My work as a photography based artist has involved exploring visual mnemonic devices as a means of recalling emotions associated with an image through time and space. For example the view from a mountain top that stimulates the feeling of arrival felt at the time of being there.
While cleaning out my auntie’s house, when she had been institutionalised due to her advancing dementia, the irony of finding her memories in the form of a matchbook collection had a profound affect on my own mental state. The matchbooks were scattered throughout her house in drawers and other places. Over a number of weeks we revisited to complete the clean-out making the house ready to sell. The collection gathered into quite an historic document. I found myself reliving Narelle and Bills journeys and times through the limited knowledge of their past. I was drawn back to a giddy nightclub life, the late night underworld of musicians and performers. I felt the passion for exotic places like Hawaii and Asia in a time when air travel was nowhere as common place a it is today. I wondered of the life of working as an entertainer on ocean cruses, casinos of Las Vegas. How avant-garde it was to be at the 1970 Expo in Osaka, Japan.
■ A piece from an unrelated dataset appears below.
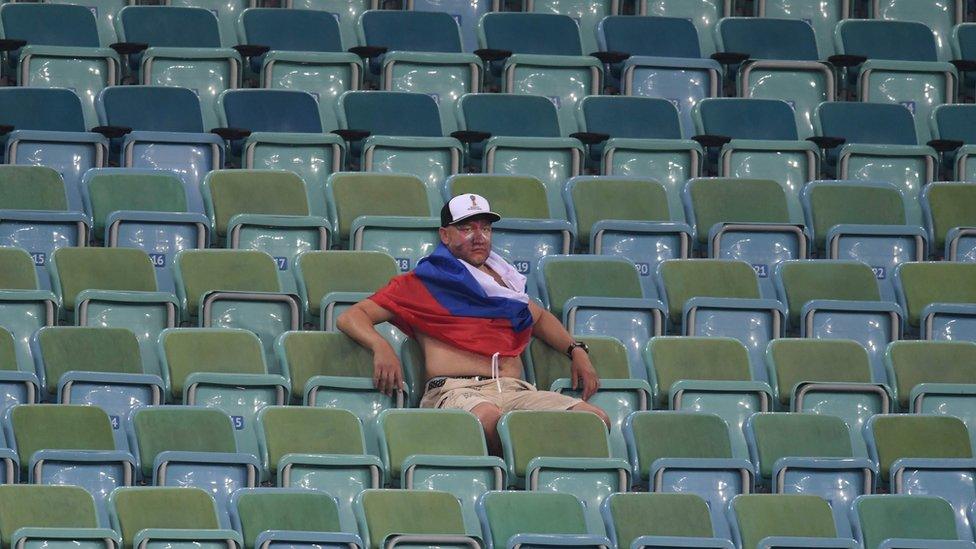 A Russia supporter reacts after the team lost the Russia 2018 World Cup quarter-final match against Croatia at the Fisht Stadium in Sochi, 7 July 2018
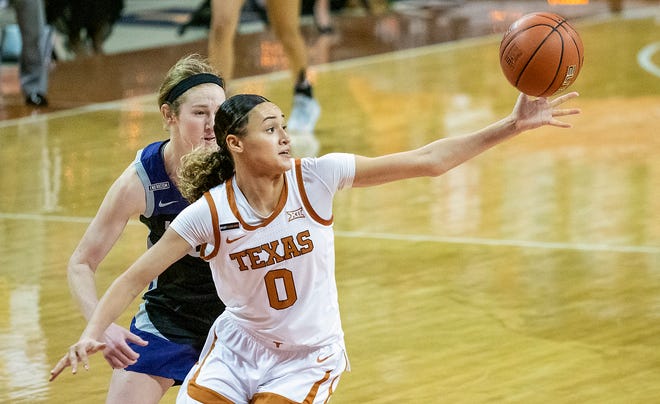 Texas guard Celeste Taylor, shown making a steal as Kansas State's Laura Macke looks on during their game in Austin on Feb. 21, leads the Longhorns in steals this season.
The matchbooks painted a picture of times and travels often associated with Bill’s work, playing modern jazz piano innightclubs, cruse ships and resorts/casinos.
Or back in the day return to Sydney with news that they had visited the United Nations.
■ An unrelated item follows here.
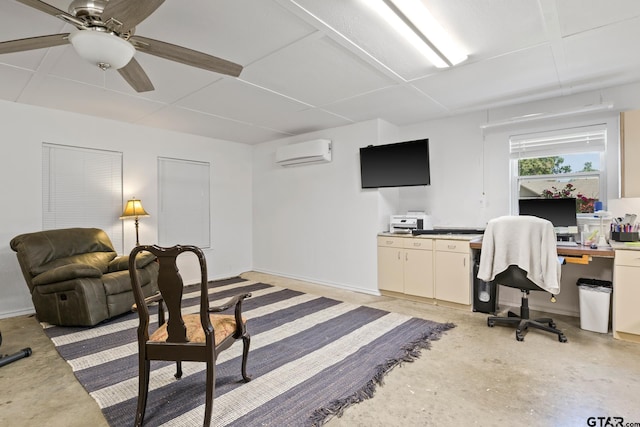 office with a wall mounted air conditioner, concrete floors, a ceiling fan, and baseboards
My fathers sister Narelle was my god mother. They were the 2 youngest of a family of 4 siblings. My name was taken from their father, my grandfather. His name was Harry Kenneth Ford but he was called Ken or Kenneth. He passed away in the 1950s. I’m guessing this match book is the oldest in the collection and maybe even the catalyst to inspire collecting match books in the first place.
My first memory of a match book was my father showing me the unusual item when I was about 8 or 9 years old, around 1958/9. It was one that Narelle had given him on return from travels. Possibly Hawaii or Las Vegas where Narelle and her husband Bill visited often. Bill Palmer was a modern jazz piano player and their trips were often associated with Bill’s work.
Narelle and Bill for a short time had an act in Sydney where they both performed. Maybe it was at Chequers in Sydney that operated between the early 50’s to early 70’s.

They certainly enjoyed the Trini Lopez residency in 1964 at Chequers which moved to Pitt and Goulburn Sts in1958
How trendy it would have been to see Reg Livermore perform at the Bijou Balmain in 1976. (Just up the road from my first share house as a teenager 6 years earlier.)